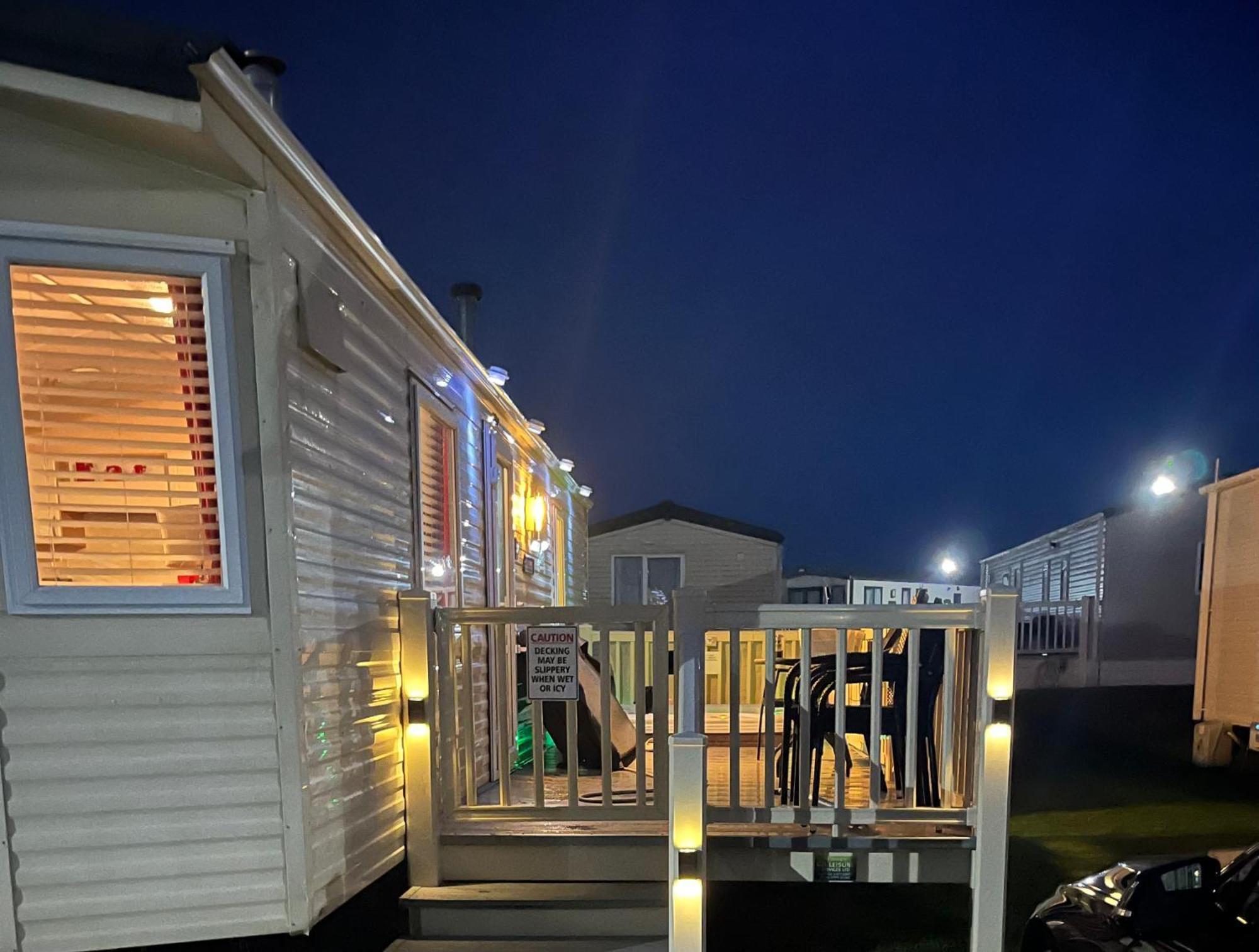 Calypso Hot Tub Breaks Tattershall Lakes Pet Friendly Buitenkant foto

==

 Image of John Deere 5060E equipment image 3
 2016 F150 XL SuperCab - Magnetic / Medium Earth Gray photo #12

--

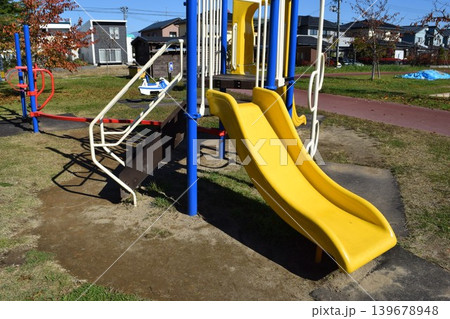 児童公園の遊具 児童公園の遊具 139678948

Task directions: Look above for the line that contains "Image of John Deere 5060E equipment image 3". Starting there, transcribe every line exactly until you have copied the line that contains "2016 F150 XL".

Reply to the task:
 Image of John Deere 5060E equipment image 3
 2016 F150 XL SuperCab - Magnetic / Medium Earth Gray photo #12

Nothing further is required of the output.